Tuesday, October 22, 2013

October 22, 2013

I have a list of items I want to post about, and it gets overwhelming when I look at it.  I have so many things I want to say here, but..., well, if you visit from time to time you'll have noticed that I'm not a regular blogger. 
The most important item to write about this month is my 5 days at the Franciscan friary in Port Jefferson, New York.  My husband has an appointed position on Chapter, as vocations coordinator (I think that's the correct title).  And I was elected this year as a Chapter member.  So the five days were filled with meetings with other Chapter members and visitors, and with prayers with the friars.
I've taken on a couple of jobs: I'm on an ad hoc committee on Ministry to Young Adults, with looking at the Franciscan Earth Corp group.  I'm thinking about how to create retreats and pilgrimages that would appeal to people between the ages of 18--35.  My other job is to minister to the isolated tertiaries in the Province of the Americas, while I pay special attention to Canadian tertiaries (many of whom are among the isolated). 

Sunday, October 6, 2013

Thoughts on writing

It occurs to me that even when I'm not writing, I am actually writing.  Fingers may not be on the keyboard.  Pen or pencil may not be touching paper.  Yet I'm writing.
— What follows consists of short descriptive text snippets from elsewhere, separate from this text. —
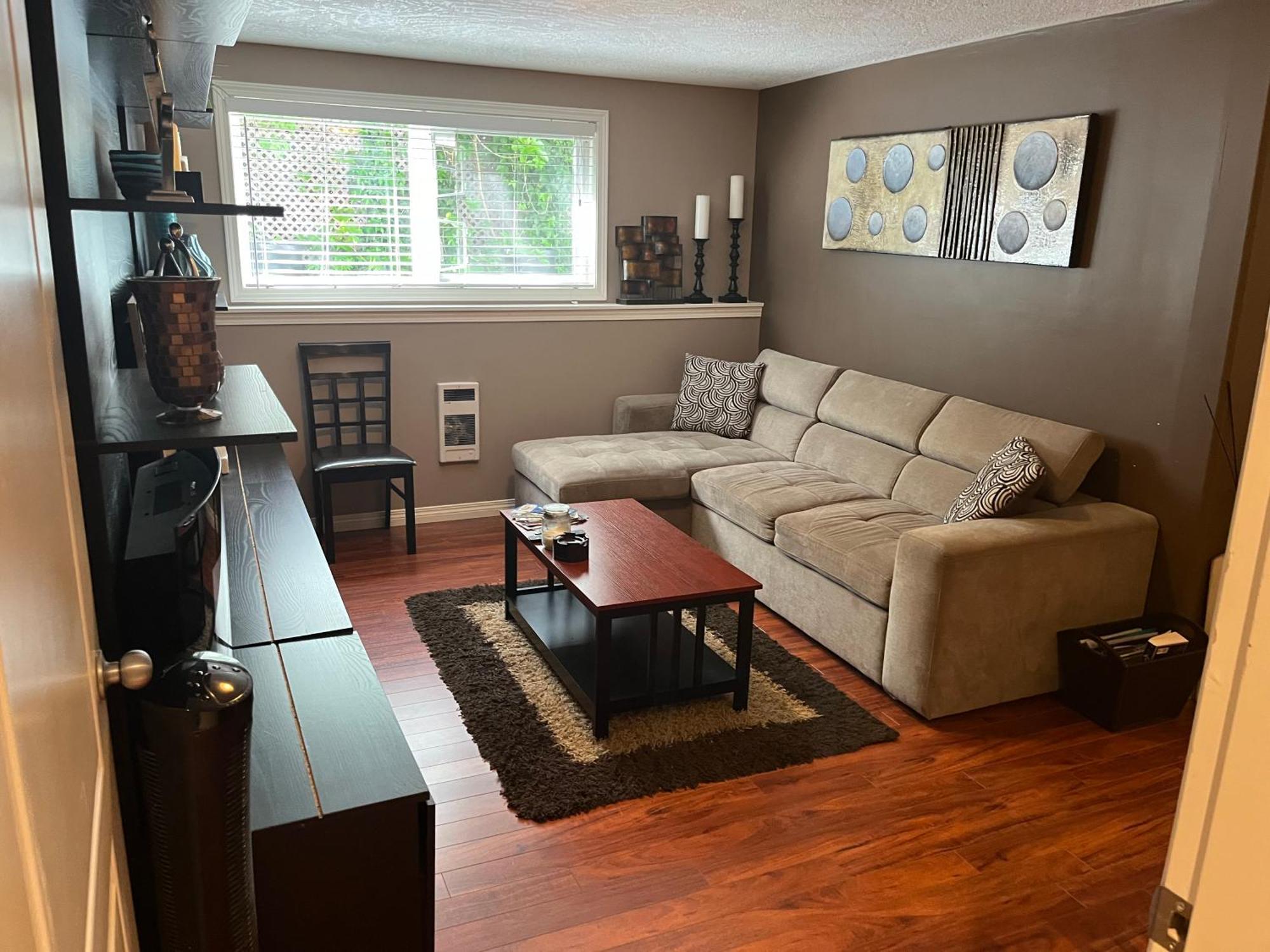Cozy And Modern 3 Bedroom In Location! Holiday home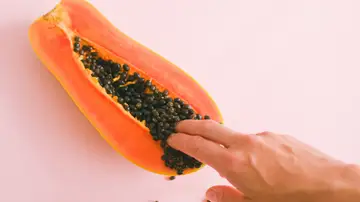 Papaya, fruto que comparte semejanza con la vagina y la vulva. 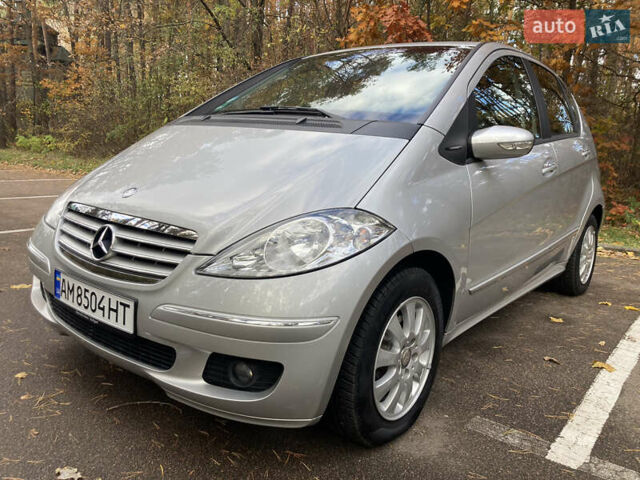 Сірий Мерседес А клас, об'ємом двигуна 1.7 л та пробігом 113 тис. км за 6600 $, фото 1 на Automoto.ua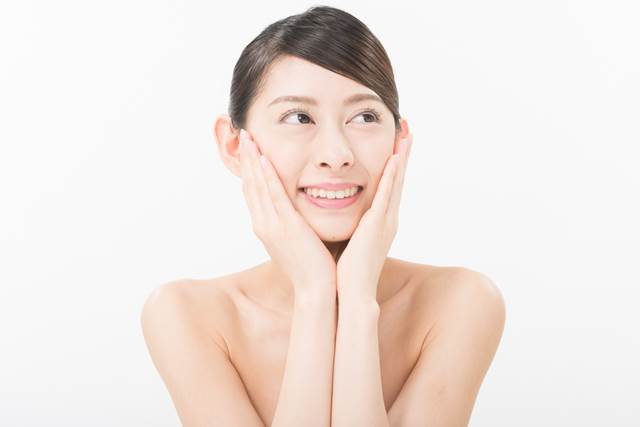 お肌を触る女性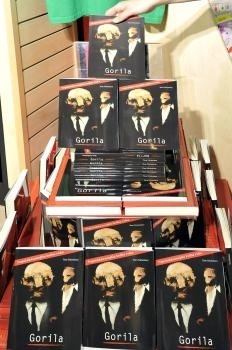 Najočakávanejšia kniha roka novinára Toma Nicholsona s názvom Gorila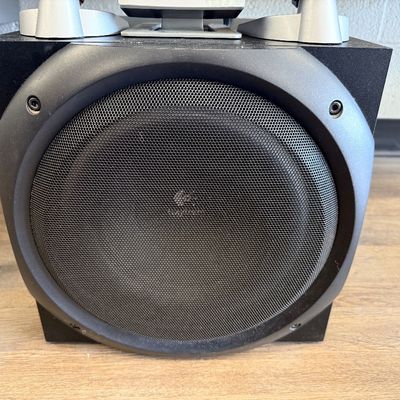 Logitech Z5500 Speaker System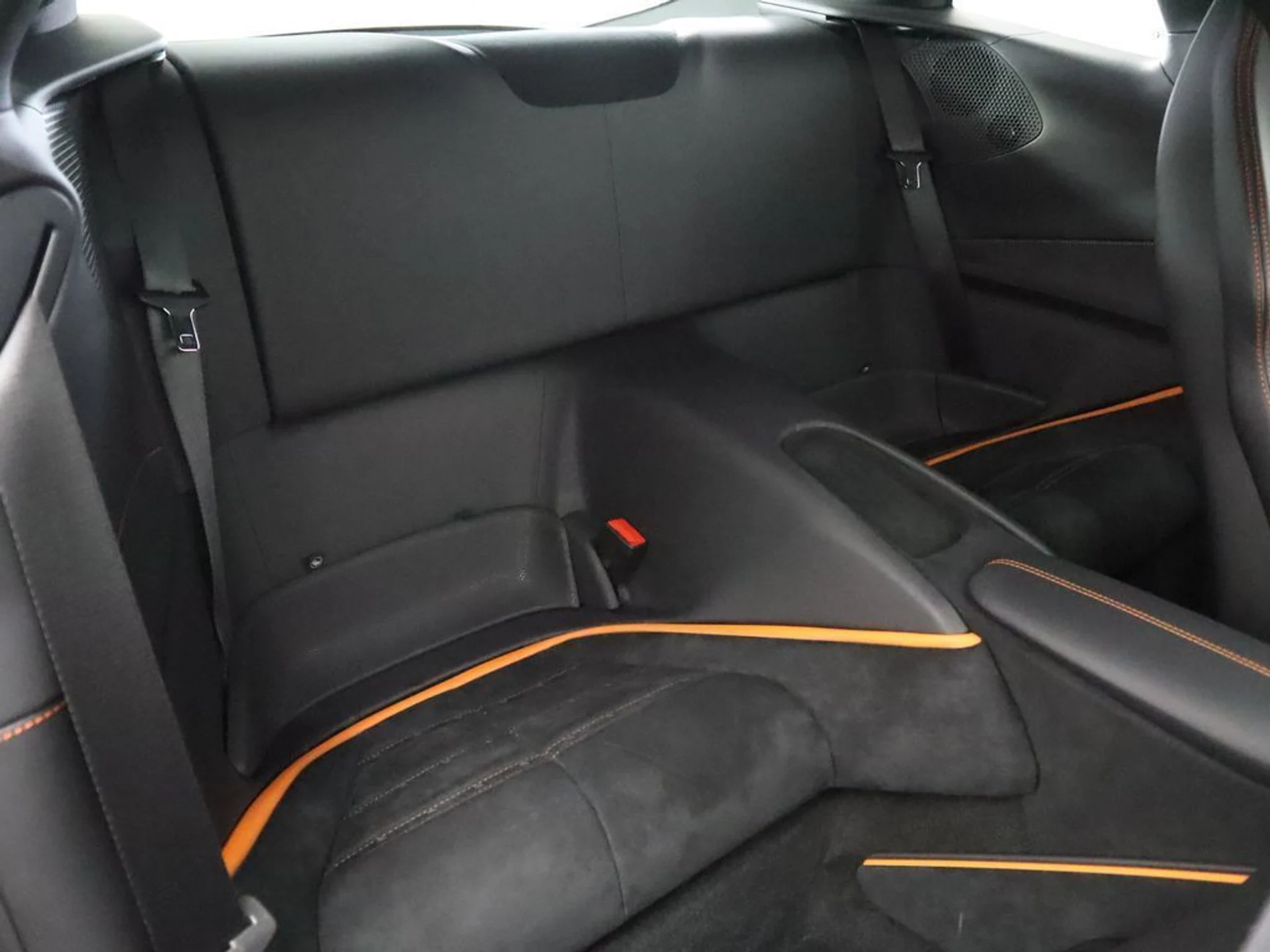 mph023_2224161089_used_2021_ferrari_roma_coupe_8119_22981330_24_1024_a9b9303dd4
It's my thought processes that are at work:  Include this.  Delete that.  Try this or that angle.  Then when I do start to "write" it will flow through my subconscious and find its way onto paper, perhaps via the computer or perhaps not.  I like to write on paper and then copy onto the computer, even if what appears on the screen might not even resemble what is on the paper.  The paper notes help combat any writer's block--if such a thing really exists.  So, my notebook is growing even though my word files don't show it. 
That's writing my novels (I have 2  or 3 in the works: Angels in the Flames is written but resting between trips to publishers; and the 2 I refer to as MXME and PPSQ).  Other writing, like articles for example, don't get notes.  They get trial and error drafts.  Today I'm writing a short piece for the Franciscan Times, assigned by Chapter a year ago.  I want to get it in the mail before I leave for the next Chapter meeting--and that's next Tuesday!  I have a draft that I think will do, with just a bit of polishing.  So, that will happen when I type it onto the computer tomorrow.  Some measure of writing success, I guess.